Unlock the Editor’s Digest for free
Roula Khalaf, Editor of the FT, selects her favourite stories in this weekly newsletter.
Goldman Sachs’ Jim Esposito, one of chief executive David Solomon’s top lieutenants, is leaving the Wall Street firm in a surprise departure.
Solomon told staff in a memo on Monday that the 56-year-old Esposito, known to colleagues as “Espo”, was leaving the bank after almost three decades. He was most recently co-head of Goldman Sachs’ flagship investment banking and trading business.
“On a personal note, I am grateful for Jim’s counsel, friendship and sense of humour during our many years of collaboration,” Solomon wrote in the memo seen by the Financial Times.

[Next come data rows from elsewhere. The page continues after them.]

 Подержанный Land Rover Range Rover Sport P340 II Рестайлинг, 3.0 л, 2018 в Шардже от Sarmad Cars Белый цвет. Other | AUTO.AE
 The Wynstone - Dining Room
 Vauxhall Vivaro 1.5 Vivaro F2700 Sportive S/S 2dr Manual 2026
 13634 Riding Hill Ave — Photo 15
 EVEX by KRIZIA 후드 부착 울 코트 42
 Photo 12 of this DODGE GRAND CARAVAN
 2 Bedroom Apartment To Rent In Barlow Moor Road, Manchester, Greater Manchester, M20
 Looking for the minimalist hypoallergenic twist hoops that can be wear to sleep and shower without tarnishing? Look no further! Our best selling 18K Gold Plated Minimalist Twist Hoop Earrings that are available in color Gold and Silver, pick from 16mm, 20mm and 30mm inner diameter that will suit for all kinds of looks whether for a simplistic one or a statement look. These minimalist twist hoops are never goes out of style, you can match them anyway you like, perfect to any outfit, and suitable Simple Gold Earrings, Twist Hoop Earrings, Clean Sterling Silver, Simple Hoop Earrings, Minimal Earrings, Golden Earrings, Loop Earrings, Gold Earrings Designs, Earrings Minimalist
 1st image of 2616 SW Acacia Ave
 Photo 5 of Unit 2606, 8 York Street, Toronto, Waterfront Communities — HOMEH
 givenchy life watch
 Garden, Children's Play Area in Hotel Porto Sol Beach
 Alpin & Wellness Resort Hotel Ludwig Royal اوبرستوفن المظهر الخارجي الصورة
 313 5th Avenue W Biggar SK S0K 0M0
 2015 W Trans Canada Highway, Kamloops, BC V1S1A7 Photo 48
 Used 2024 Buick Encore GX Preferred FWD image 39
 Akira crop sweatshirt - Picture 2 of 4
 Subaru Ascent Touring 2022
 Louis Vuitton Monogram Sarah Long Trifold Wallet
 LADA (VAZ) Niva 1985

Esposito was made one of three co-heads of Goldman’s investment banking and trading division, alongside Ashok Varadhan and Dan Dees, after the two businesses were merged in 2022. The unit generated around two-thirds of Goldman’s revenues last year.
Esposito was viewed internally as one of a number of candidates who could be in the running to take over from Solomon, though bank president John Waldron is considered the leading contender.
Solomon has led Goldman since late 2018. Esposito’s is the latest high-profile departure in recent years, amid a series of reorganisations and strategic changes at the bank. Solomon’s leadership style was the subject of internal criticism last year but the FT reported that he retained the backing of the bank’s board of directors. He stands to earn a special stock award if he remains at the bank until 2026.
Esposito joined Goldman in 1995 as a salesperson in its emerging markets debt business and was made a partner in 2006. He had previously been co-head of both Goldman’s investment banking and trading divisions when they were standalone businesses.